Task objective. Search term "Master": copy each line of the records that contains it.

Listed records.
○ ○ ○ ○ ○

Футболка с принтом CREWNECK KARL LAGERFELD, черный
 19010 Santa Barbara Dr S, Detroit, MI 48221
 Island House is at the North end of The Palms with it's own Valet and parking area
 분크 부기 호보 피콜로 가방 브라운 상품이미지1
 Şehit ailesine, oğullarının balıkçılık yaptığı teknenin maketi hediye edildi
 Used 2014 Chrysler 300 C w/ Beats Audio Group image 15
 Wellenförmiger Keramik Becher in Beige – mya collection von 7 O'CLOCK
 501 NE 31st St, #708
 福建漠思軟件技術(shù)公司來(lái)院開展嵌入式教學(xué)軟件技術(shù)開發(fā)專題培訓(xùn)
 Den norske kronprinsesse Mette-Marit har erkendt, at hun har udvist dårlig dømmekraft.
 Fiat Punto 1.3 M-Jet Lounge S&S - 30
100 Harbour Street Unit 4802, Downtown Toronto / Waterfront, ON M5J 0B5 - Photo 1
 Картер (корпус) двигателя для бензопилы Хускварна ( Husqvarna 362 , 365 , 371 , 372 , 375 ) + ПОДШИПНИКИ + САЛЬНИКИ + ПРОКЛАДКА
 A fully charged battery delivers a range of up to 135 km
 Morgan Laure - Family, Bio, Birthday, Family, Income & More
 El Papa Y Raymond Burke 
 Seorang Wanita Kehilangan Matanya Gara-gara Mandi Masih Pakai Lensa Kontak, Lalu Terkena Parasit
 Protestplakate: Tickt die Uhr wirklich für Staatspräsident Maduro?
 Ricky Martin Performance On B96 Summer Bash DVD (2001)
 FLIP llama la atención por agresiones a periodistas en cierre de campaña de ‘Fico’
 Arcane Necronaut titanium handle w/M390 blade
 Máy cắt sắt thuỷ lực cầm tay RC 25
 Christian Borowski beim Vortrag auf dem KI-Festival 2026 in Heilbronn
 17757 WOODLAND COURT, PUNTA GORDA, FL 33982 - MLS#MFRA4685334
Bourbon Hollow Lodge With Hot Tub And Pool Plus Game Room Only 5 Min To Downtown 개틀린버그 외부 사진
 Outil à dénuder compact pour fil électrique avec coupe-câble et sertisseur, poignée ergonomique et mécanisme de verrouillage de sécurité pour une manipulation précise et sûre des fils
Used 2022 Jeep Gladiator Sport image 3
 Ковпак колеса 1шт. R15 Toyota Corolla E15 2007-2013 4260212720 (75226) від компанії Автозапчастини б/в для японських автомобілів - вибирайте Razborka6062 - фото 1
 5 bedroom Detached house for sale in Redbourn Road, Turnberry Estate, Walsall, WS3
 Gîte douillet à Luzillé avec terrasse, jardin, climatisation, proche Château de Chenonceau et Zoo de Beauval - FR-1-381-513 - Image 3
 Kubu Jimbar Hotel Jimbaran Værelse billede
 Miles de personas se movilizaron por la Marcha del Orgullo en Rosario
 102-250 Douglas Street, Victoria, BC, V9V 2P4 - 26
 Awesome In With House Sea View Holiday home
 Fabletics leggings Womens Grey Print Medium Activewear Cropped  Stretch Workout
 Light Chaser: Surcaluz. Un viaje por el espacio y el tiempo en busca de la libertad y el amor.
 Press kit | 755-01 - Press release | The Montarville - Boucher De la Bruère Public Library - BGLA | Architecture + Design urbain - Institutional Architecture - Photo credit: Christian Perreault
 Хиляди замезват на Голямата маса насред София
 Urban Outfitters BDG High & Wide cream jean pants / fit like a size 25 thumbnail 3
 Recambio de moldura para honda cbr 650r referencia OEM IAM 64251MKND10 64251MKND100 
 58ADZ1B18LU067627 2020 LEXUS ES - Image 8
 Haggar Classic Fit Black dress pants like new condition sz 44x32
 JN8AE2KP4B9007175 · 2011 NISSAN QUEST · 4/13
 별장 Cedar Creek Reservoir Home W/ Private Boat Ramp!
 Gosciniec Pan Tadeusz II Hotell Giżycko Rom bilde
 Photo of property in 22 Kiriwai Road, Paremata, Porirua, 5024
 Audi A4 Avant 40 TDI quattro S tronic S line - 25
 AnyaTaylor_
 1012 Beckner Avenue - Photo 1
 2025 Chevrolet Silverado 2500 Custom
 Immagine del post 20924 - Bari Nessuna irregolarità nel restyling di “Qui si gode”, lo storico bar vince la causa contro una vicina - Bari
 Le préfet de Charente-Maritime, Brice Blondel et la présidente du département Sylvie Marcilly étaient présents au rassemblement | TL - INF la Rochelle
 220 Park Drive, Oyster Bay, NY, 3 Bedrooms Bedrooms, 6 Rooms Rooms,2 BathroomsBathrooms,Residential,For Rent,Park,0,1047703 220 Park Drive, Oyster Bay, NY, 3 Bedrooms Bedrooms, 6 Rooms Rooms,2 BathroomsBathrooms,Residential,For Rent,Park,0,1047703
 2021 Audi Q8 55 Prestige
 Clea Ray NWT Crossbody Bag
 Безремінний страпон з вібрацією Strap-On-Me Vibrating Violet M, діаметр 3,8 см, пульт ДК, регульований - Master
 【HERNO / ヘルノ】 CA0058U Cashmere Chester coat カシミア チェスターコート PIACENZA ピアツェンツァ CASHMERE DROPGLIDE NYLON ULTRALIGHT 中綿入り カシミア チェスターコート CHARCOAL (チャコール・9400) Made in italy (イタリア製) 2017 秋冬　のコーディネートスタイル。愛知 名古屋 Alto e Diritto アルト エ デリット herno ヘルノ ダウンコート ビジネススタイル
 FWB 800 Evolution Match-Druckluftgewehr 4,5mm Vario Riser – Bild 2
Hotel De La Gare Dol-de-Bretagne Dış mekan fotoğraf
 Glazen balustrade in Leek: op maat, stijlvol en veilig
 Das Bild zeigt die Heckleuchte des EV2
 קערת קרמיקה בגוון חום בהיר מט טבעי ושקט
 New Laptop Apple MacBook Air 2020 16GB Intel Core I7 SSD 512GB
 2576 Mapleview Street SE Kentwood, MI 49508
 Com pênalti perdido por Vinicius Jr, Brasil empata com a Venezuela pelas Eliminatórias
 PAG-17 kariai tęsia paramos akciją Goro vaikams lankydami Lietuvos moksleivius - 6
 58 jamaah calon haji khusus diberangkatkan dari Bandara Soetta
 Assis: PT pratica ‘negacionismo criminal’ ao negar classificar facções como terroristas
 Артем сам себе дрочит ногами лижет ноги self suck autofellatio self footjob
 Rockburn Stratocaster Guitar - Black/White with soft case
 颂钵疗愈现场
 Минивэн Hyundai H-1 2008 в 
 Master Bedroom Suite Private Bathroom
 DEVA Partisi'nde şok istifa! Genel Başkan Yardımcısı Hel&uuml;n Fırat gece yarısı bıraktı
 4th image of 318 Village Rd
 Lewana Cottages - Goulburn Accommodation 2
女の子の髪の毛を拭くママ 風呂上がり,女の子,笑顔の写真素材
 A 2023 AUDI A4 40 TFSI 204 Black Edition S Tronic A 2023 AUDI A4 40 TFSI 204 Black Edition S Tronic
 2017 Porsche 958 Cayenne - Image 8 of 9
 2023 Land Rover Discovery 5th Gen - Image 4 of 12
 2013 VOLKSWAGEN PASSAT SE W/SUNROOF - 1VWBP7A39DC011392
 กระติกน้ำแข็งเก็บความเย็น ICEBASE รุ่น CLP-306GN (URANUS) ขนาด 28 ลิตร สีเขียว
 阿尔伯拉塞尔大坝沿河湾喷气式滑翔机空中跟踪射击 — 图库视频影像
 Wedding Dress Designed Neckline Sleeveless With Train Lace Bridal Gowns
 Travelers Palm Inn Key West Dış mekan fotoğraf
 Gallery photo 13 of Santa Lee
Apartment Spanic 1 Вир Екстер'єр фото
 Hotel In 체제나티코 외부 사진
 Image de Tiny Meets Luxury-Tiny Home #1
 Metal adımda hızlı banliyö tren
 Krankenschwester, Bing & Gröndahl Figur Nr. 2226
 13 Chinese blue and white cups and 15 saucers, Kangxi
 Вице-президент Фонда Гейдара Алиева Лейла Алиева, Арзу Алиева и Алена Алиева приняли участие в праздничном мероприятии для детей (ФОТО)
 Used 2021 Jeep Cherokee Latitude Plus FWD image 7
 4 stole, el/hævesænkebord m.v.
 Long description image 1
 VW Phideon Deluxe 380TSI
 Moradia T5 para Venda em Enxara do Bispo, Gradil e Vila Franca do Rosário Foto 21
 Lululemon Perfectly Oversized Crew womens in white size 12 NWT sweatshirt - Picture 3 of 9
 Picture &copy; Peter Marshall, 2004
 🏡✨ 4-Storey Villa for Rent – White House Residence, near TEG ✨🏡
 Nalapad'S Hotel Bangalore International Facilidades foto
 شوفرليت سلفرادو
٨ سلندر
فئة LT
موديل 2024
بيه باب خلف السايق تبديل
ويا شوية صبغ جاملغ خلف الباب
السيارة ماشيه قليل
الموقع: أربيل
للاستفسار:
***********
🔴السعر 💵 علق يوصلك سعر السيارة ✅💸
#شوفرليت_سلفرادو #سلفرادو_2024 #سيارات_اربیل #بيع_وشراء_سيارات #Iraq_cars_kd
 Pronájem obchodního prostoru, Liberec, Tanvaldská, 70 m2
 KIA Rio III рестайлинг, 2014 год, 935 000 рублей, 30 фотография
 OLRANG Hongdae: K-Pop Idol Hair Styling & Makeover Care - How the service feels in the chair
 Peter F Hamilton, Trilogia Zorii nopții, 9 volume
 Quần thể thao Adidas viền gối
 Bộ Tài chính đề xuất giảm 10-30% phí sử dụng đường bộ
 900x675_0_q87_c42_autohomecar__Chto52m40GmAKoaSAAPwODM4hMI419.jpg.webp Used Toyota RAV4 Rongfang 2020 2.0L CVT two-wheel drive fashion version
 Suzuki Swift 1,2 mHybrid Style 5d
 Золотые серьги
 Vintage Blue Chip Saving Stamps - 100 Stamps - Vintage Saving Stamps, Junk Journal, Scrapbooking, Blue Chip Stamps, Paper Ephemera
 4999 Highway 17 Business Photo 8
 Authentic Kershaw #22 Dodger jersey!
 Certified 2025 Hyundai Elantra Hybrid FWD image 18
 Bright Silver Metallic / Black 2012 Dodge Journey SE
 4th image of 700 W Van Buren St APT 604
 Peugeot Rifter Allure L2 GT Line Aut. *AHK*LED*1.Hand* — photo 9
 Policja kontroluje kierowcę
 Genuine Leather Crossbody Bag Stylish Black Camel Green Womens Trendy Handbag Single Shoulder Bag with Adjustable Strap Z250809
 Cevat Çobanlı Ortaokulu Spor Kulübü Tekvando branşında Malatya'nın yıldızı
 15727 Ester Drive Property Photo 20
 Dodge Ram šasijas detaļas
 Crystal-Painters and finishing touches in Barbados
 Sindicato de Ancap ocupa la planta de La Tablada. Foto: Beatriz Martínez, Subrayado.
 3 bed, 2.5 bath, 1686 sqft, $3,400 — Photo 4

○ ○ ○ ○ ○

Expected answer.
 Безремінний страпон з вібрацією Strap-On-Me Vibrating Violet M, діаметр 3,8 см, пульт ДК, регульований - Master
 Master Bedroom Suite Private Bathroom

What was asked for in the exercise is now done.